**Task item**
Give all of the data again exactly as written, omitting every image.

**Data segment**
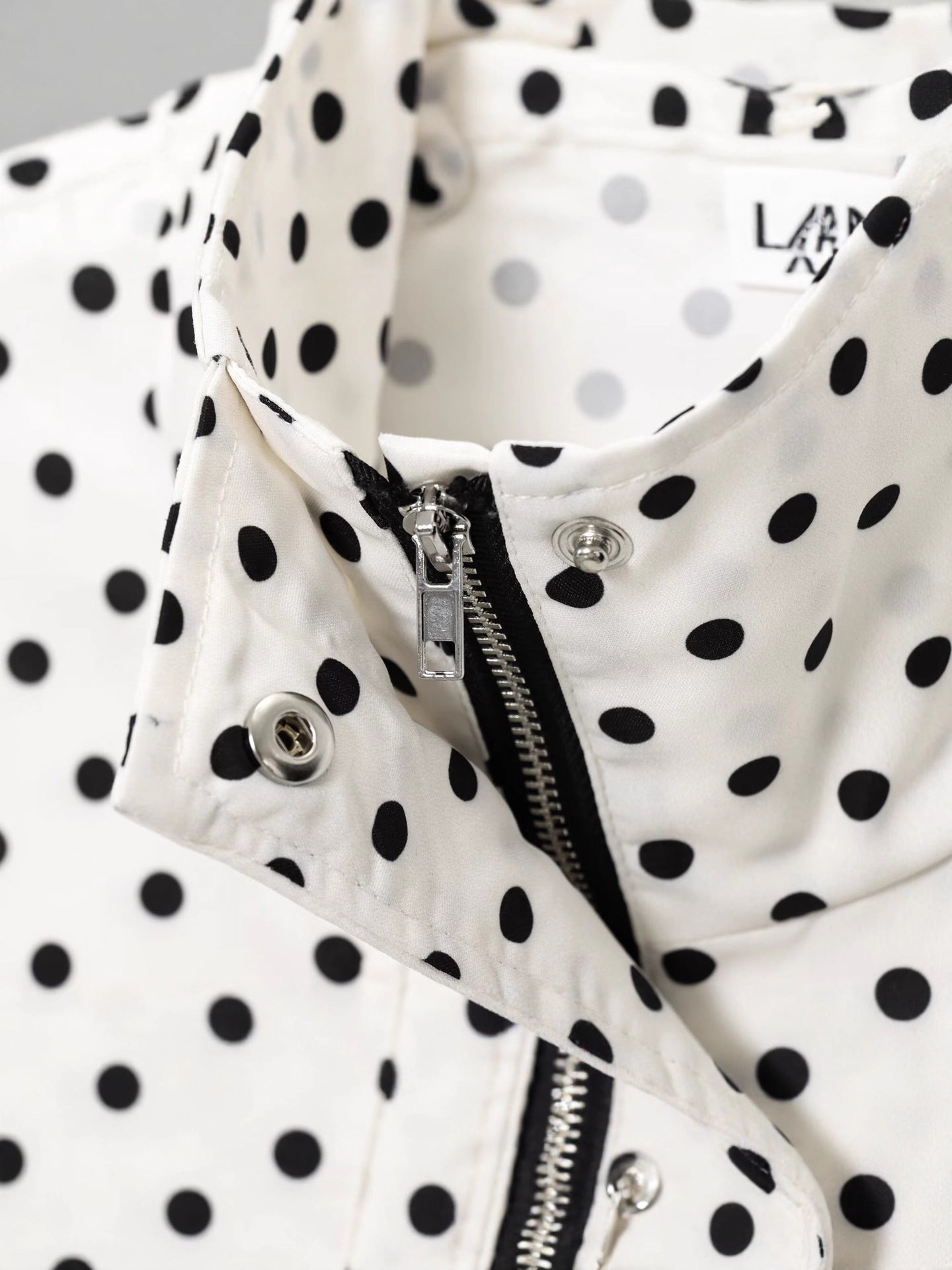 Polka Dot Cropped Stand Collar Jacket
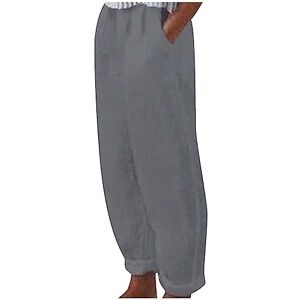 Spring Sale AMhomely Women's Pants Casual High Waist Solid Summer Cotton Linen Loose Long Straight Wide Leg Flared Elasticated Plus Size Plain Trousers with Pocket Fit Lounge Grey L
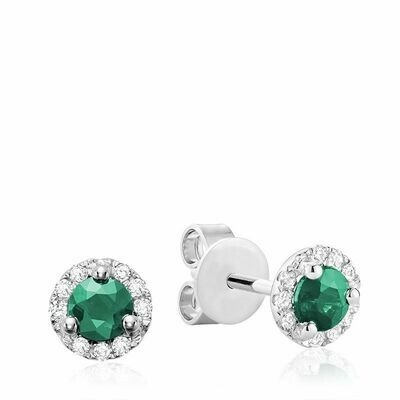 Emerald & Diamond Halo Earrings White Gold Emerald & Diamond Halo Earrings White Gold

**Exercise answer**
 Polka Dot Cropped Stand Collar Jacket
 Spring Sale AMhomely Women's Pants Casual High Waist Solid Summer Cotton Linen Loose Long Straight Wide Leg Flared Elasticated Plus Size Plain Trousers with Pocket Fit Lounge Grey L
 Emerald & Diamond Halo Earrings White Gold Emerald & Diamond Halo Earrings White Gold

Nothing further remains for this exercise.